Der in Aßling aufgewachsene Simon Viktor ist Künstleragent und Texter. Nun hat er seinen ersten Roman geschrieben - im Keller.

Interview von Thorsten Rienth, Aßling

Simon Viktors Debüt-Roman dreht sich um die wahre Geschichte des Zugunglücks zwischen Aßling und Elkofen von 1945. Historische Elemente vermischt er darin gekonnt mit einem fiktiven Plot.

SZ: Sie arbeiten als Künstleragent und Texter fürs Fernsehen, sind verheiratet und haben zwei kleine Töchter zuhause. Da gibt es doch wahrlich Spannenderes, als sich einem Zugunglück vor bald 80 Jahren literarisch zu nähern...

Simon Viktor: Genau diese literarische Annäherung finde ich wahnsinnig spannend! Einerseits, weil dieses Zugunglück in der deutschen Geschichtsschreibung nahezu vergessen ist. Andererseits, weil es bis heute im kollektiven Gedächtnis Aßlings und der Dörfer drumherum mit einer seltsamen Distanz nachhallt.

Woher kommt diese Distanz?

Die Frage habe ich mir bei der Recherche und beim Schreiben oft gestellt. Ich kann nur mutmaßen: Der Zweite Weltkrieg war als Urkatastrophe schlechthin zu Ende gegangen. Der Tisch der kollektiven Erinnerung muss so reich mit traumatischen Erinnerungen gedeckt gewesen sein, dass dieses Drama des Zugunglücks einfach hinten runtergefallen ist. Die alte Zeit war zu Ende, aber die neue Welt noch nicht wirklich da.

Zwei, drei Jahre später wäre die Geschichtsschreibung wahrscheinlich eine andere geworden?

Gut möglich. Andererseits frage ich mich, ob der Mensch diese ganze Tragik überhaupt erfassen kann: Da überlebst du den Krieg, hast im Sommer 1945 deinen Entlassungsschein aus der Kriegsgefangenschaft in der Tasche - und dann stirbst du so elendig, weil die Fernsprechverbindung zwischen den Fahrdienstleitern zu viel knarzt. Und nicht zuletzt dürfte die Distanz auch daher rühren, dass die Opfer nicht aus der Region stammten. Niemand im Dorf hatte eine emotionale Bindung zu ihnen.

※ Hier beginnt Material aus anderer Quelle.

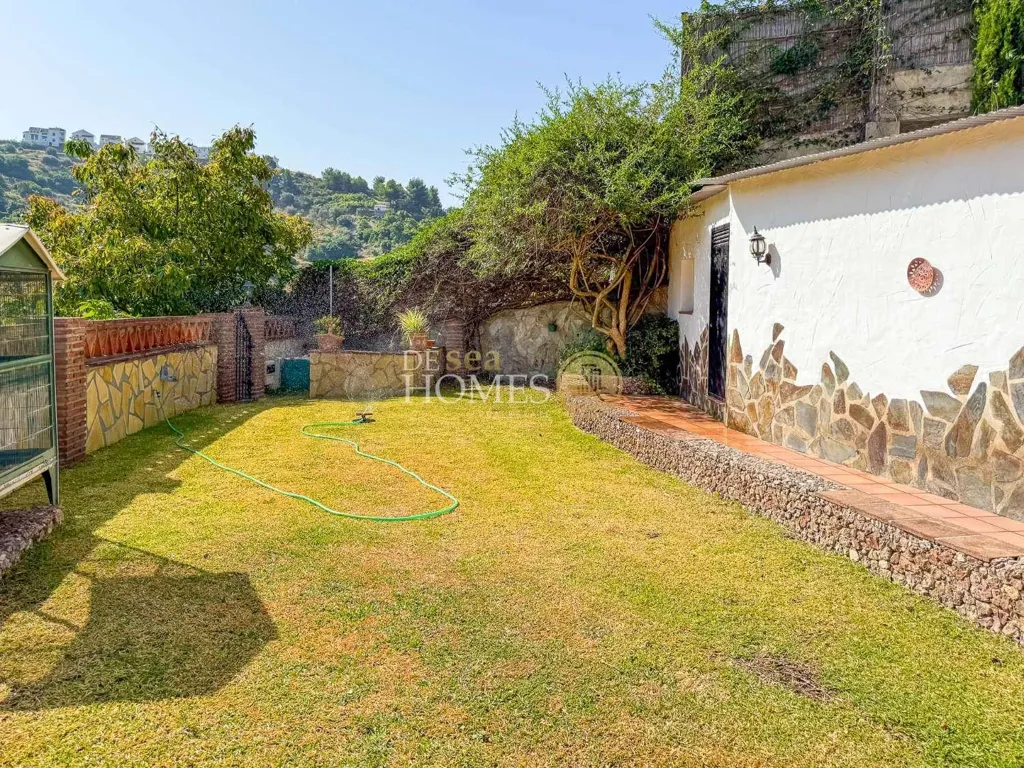 Aed - Detached Villa with Pool in Frigiliana
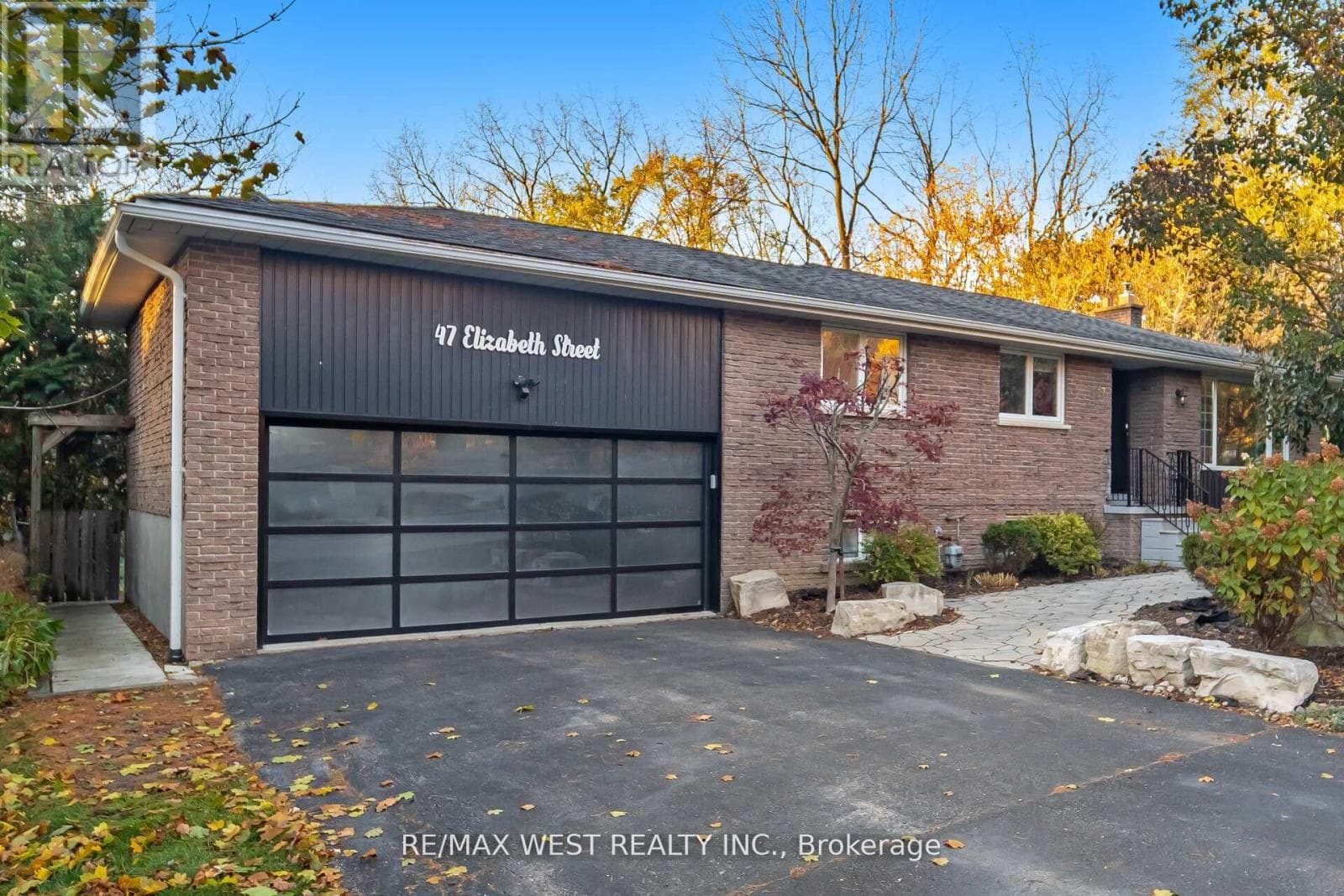 47 ELIZABETH STREET — Caledon (Bolton West), Ontario - Main photo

Sie sind in Aßling aufgewachsen. Wie haben Sie von dem Unglück erfahren?

Ich erinnere mich, dass meine Straußdorfer Oma uns als Kindern davon erzählte. Dass die Schreie der Verletzten und Sterbenden bis in ihr Dorf zu hören gewesen seien. Aber ich kann mich nicht erinnern, dass das Unglück in der Grundschule, damals gab es ja noch den Heimat- und Sachkundeunterricht, irgendwie thematisiert worden wäre. Mir ist auch ein echtes Rätsel, warum kaum Forschung dazu existiert. Soweit ich weiß, gibt es außer dem Historiker und Grafinger Stadtarchivar Bernhard Schäfer weit und breit niemanden, der sich wissenschaftlich mit dem Unglück auseinandergesetzt hätte. Und literarisch bis jetzt auch nicht.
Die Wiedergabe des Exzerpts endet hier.